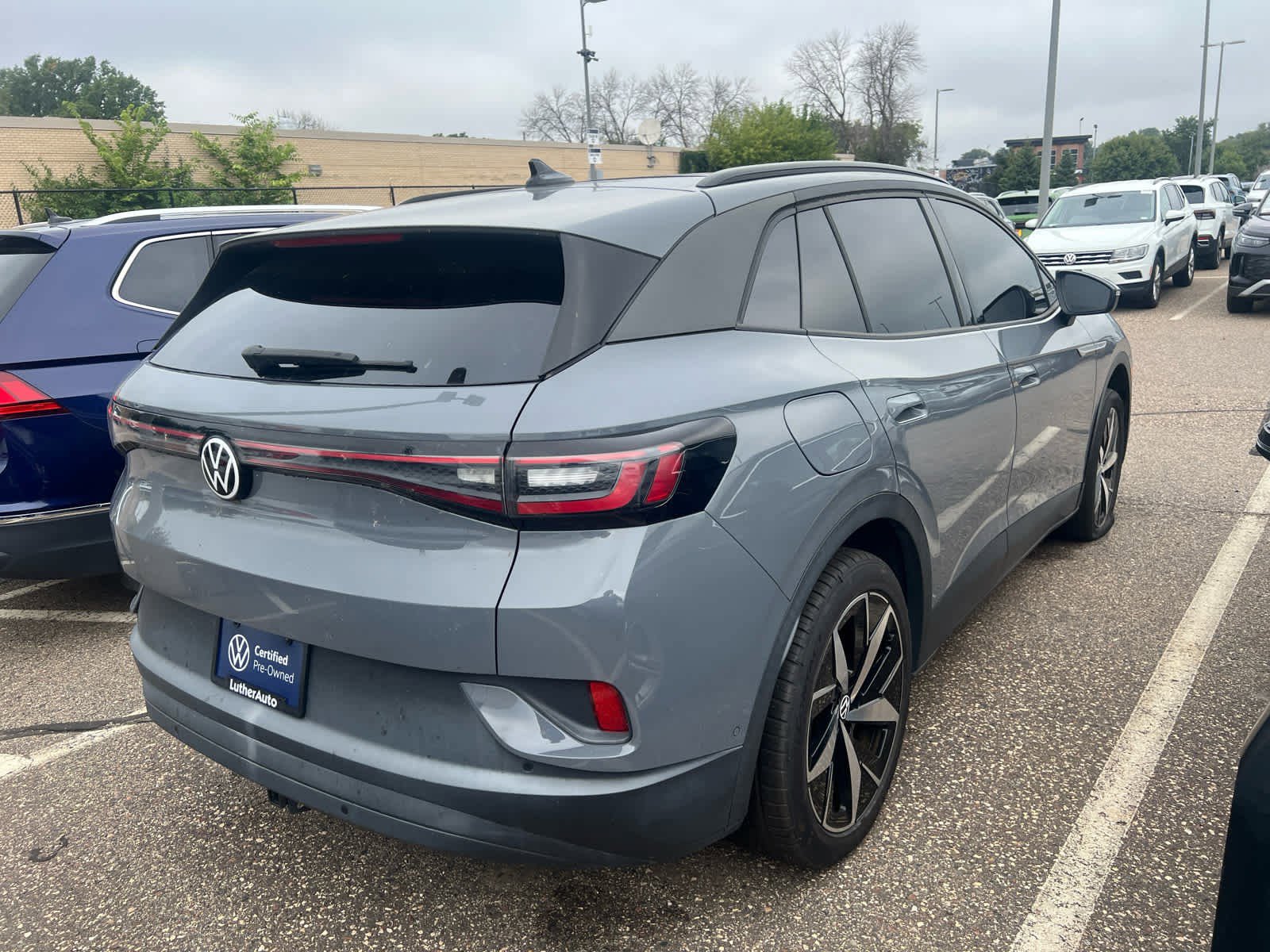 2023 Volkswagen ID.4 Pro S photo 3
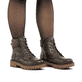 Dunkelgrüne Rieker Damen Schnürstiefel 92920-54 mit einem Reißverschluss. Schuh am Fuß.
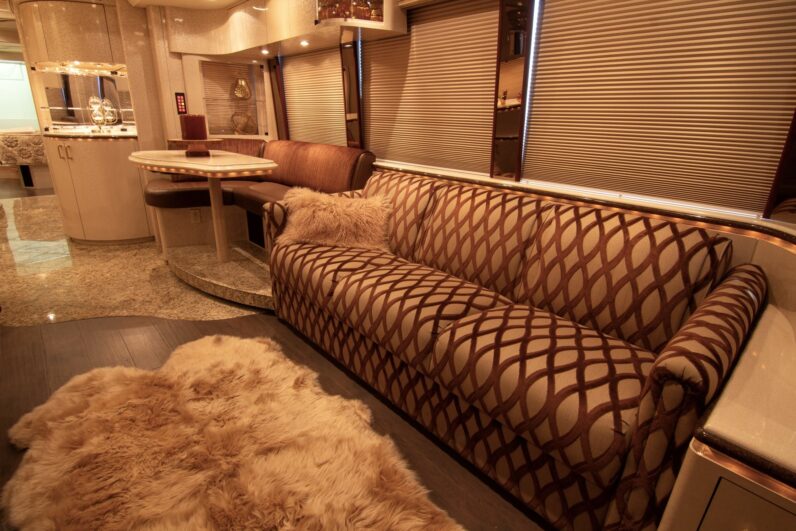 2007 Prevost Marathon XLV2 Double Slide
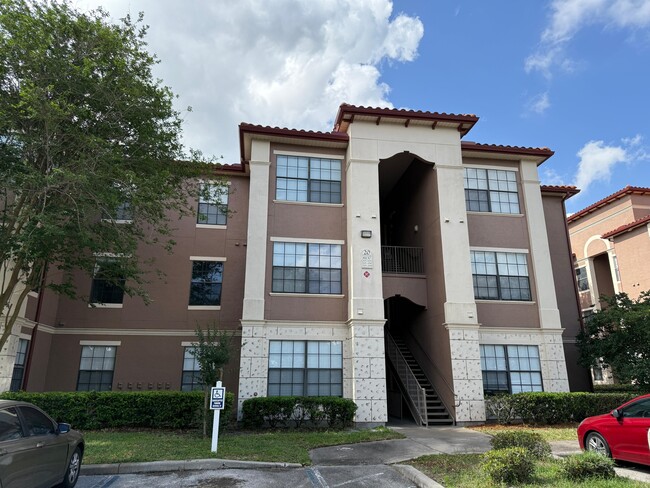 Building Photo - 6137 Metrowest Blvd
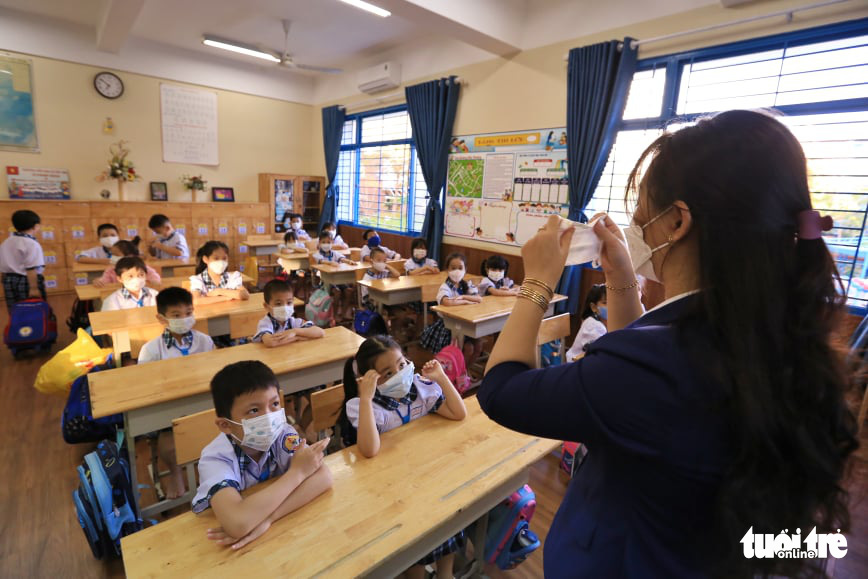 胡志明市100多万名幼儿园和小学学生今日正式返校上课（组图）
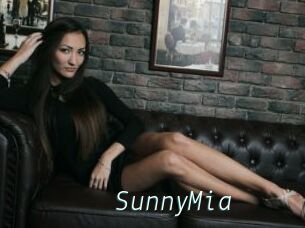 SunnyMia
· · · · · · ·
• _Task description_: Output the lines above in full and exactly as given, omitting any pictures.

• _Task solution_:
 2023 Volkswagen ID.4 Pro S photo 3
 Dunkelgrüne Rieker Damen Schnürstiefel 92920-54 mit einem Reißverschluss. Schuh am Fuß.
 2007 Prevost Marathon XLV2 Double Slide
 Building Photo - 6137 Metrowest Blvd
 胡志明市100多万名幼儿园和小学学生今日正式返校上课（组图）
 SunnyMia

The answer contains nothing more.